The “caption” of a lawsuit names the court and the parties. Cases are generally referred to by the names of the parties: Marbury v. Madison, Brown v. the Board of Education, etc..

Name THE COURT: not the judge. For any judge other than the nine justices of the United States Supreme Court, the name of the judge does not tell me what I need to know: is this an important case? Where can I find a copy of the opinion? To answer those questions I need to know what COURT the decision came from. Journalists frequently make this mistake.

What about all those numbers?

Docket numbers --long alpha-numeric strings assigned by the court-- are useless outside of actual litigation. (Moreover, anyone who really needs a docket number can find it, if you identify the parties and the court).

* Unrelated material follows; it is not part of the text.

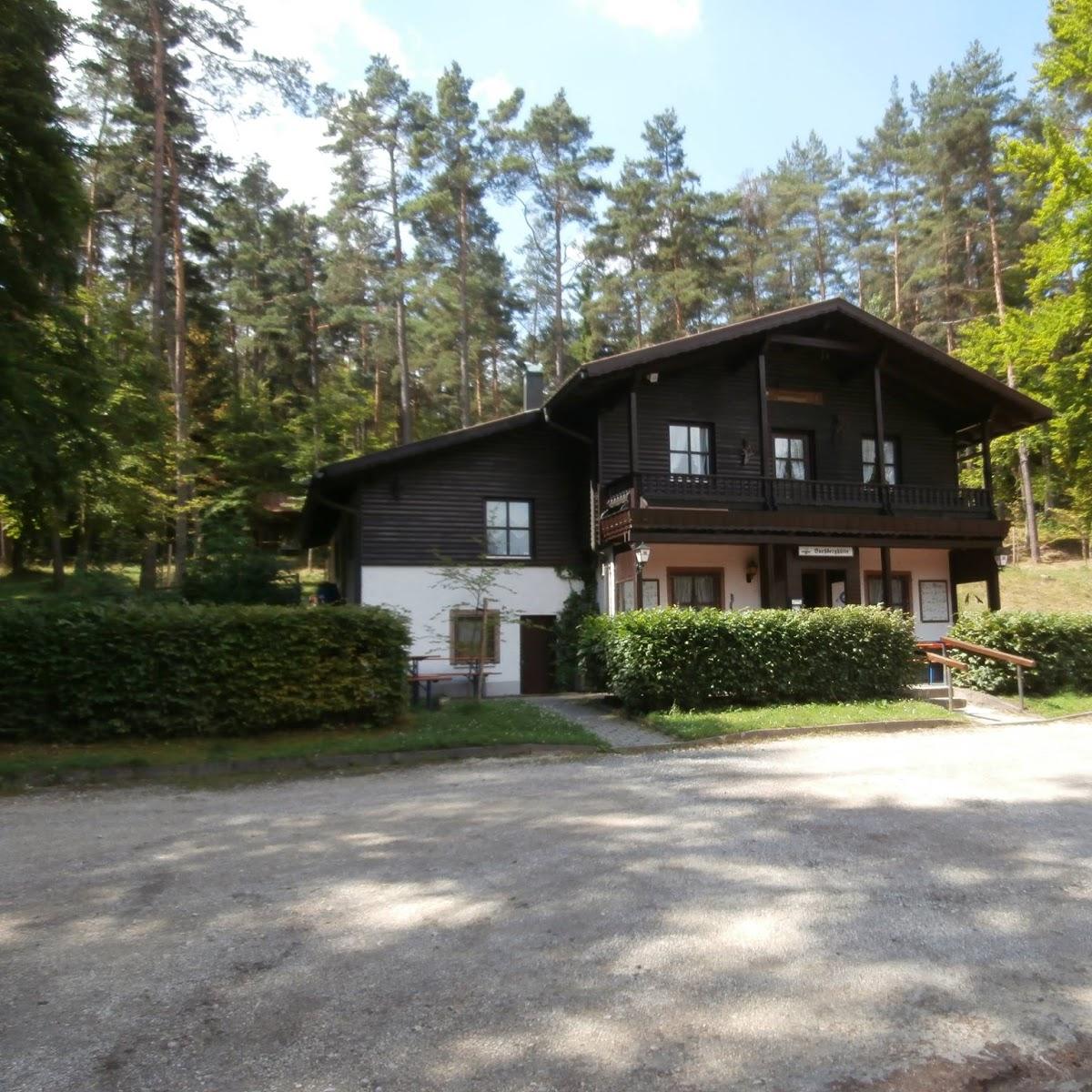 Restaurant "Gaststätte Buchberghütte" in  Schnaittenbach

Citations (volume and page numbers), on the other hand, tell the reader where to find a copy of the opinion, either in hard copy in a law library or by plugging the numbers into an online legal search engine like Findlaw. Complete citations are usually not available for brand new cases (we won't know what page the case will be printed on until the publisher tells us) but they can be very useful for historical cases. I wish all noders would use short form citation —for example: Lemon v. Kurtzman, 403 U.S. 602 (1971)— in writeups of important historical cases. This succinctly states the parties, court, and year.

Facts/Proceedings

“Facts” are a narrative of the underlying dispute or real-world problem. In the Anglo-American legal system, courts do not address abstract question of law: the lawsuit must arise from an actual “case or controversy”. The “facts” are probably the most important thing to discuss and get right in a case brief.

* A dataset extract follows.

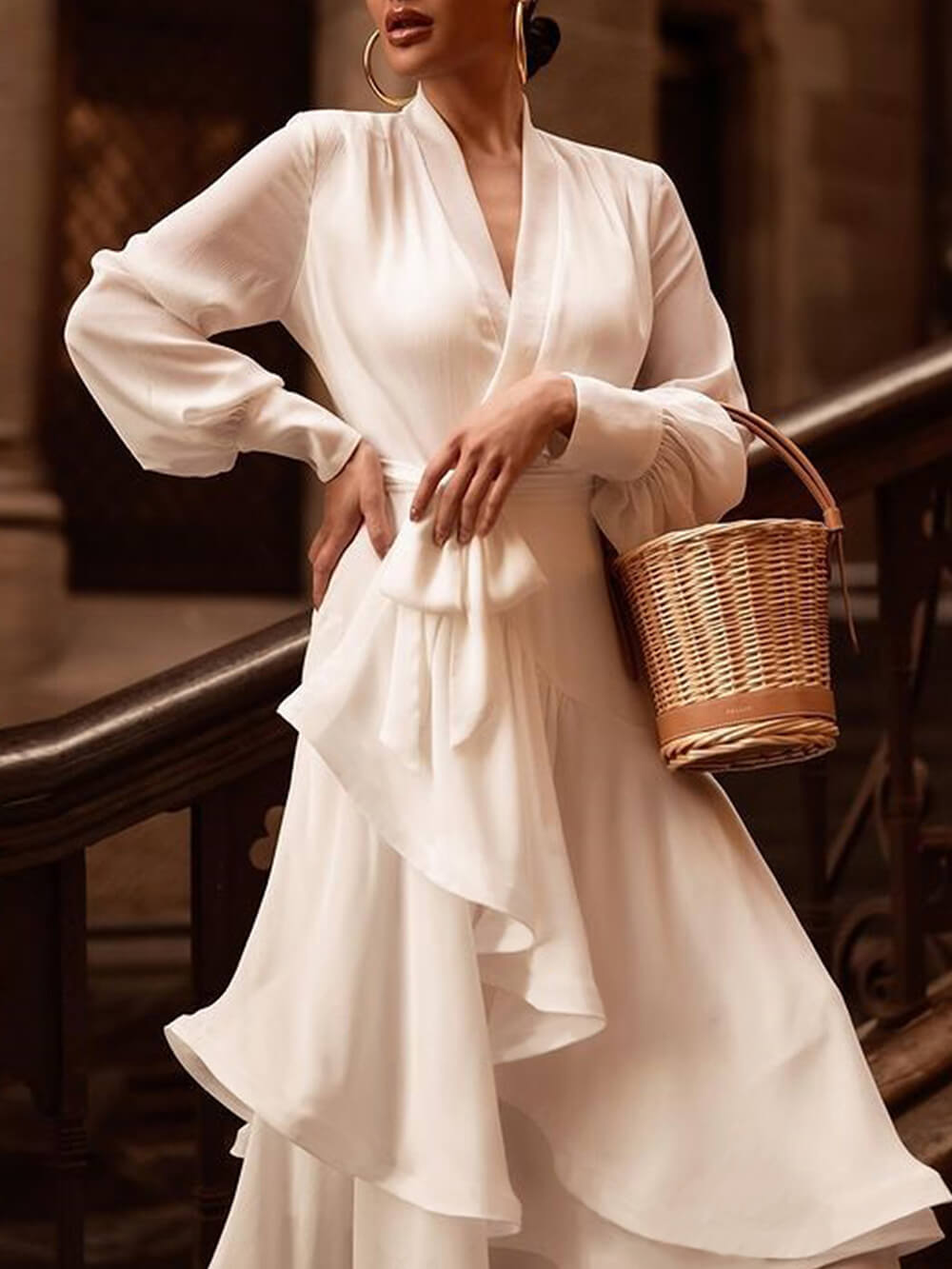 Montserrat Timeless and Stylish Dress for Women Cocktail Hour Style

“Proceedings” means what happened after a lawsuit was filed. This is significant if the case is about procedure, and can also explain why an appeals court is applying a certain standard to review the case on appeal, but if you are not a legal professional you probably don’t care about any of that. For example, was there a trial in Marbury v. Madison? Probably not, but who cares? The case wasn’t about trial procedure (it was about the role of the judicial branch in the United States government.)

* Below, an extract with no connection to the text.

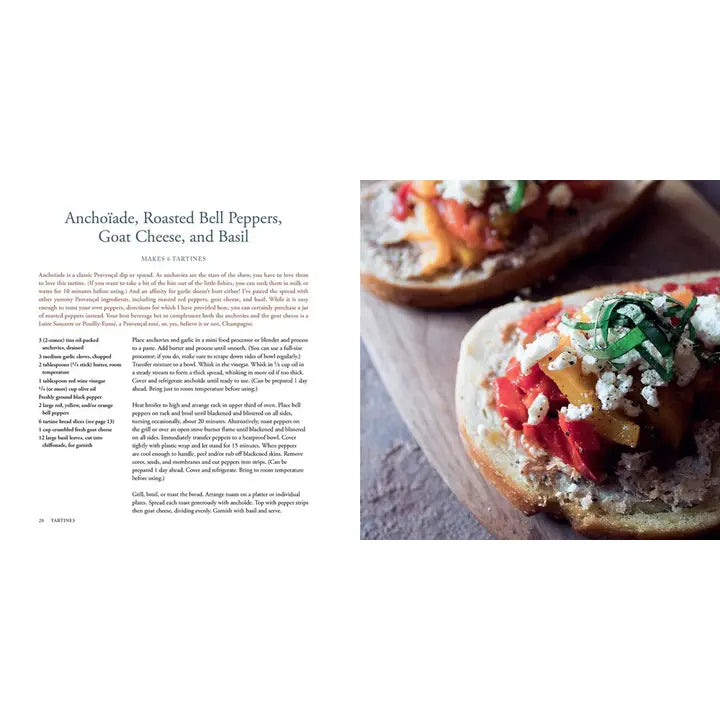 Open Faced: Single-Slice Sandwiches from Around the World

Issue/Holding/Disposition/Rationale

The “issue” is the point of the case, framed as a question.

The “holding” is the answer to that question.

The “disposition” is what the court actually ordered and can usually be summarized in a word or two (“affirmed”, “reversed”, “reversed and remanded”).

The “rationale” is an extended discussion of the court’s reasoning which leads up to the holding.

Extricating the “issue(s)” and “holding” from the “rationale” can be tricky. There are often many sub-issues which don't qualify as "the issue" for the purposes of your summary. Marbury, for example, addressed numerous sub-issues. First, did Marbury have a right to his commission? The court decided that he did. Second, the court asked: did the Court have the power to order the President to give Marbury his commission? The answer to that question was: “Yes”, because the Judiciary Act of 1789, a statute passed by Congress, gave the court the power to issue the appropriate order (here, a “writ of mandamus”). The opinion could have ended there, and that would have been the issue and the holding. But it wasn’t. Chief Justice Marshall posed an even more fundamental question: did Congress have the power (under the Constitution) to give the Court the power (under the Judiciary Act) to issue writs? The Court held: “No.” Congress could not alter the jurisdiction of the Supreme Court. This is brilliant: Marshall “gives up” the power to order the President to give Marbury get his commission (which Marshall did not want to do anyway) to grab for the judiciary the jurisdiction to review the “constitutionality” of the laws passed by Congress. This power makes the Supreme Court “supreme”: the ultimate authority, the last word, in the American government.

For a “case brief” summary, the “issue” is the most important legal point (in Marbury: Whether the Judiciary Act was “constitutional”) and all the remaining sub-issues (Marbury’s commission, writs of mandamus, and so forth) can be discussed under “Facts” or the “Rationale”. For an E2 writeup, you need not format the writeup with a heading titled “Issue”, but you must identify the important issue, and tell us how the court resolved that issue.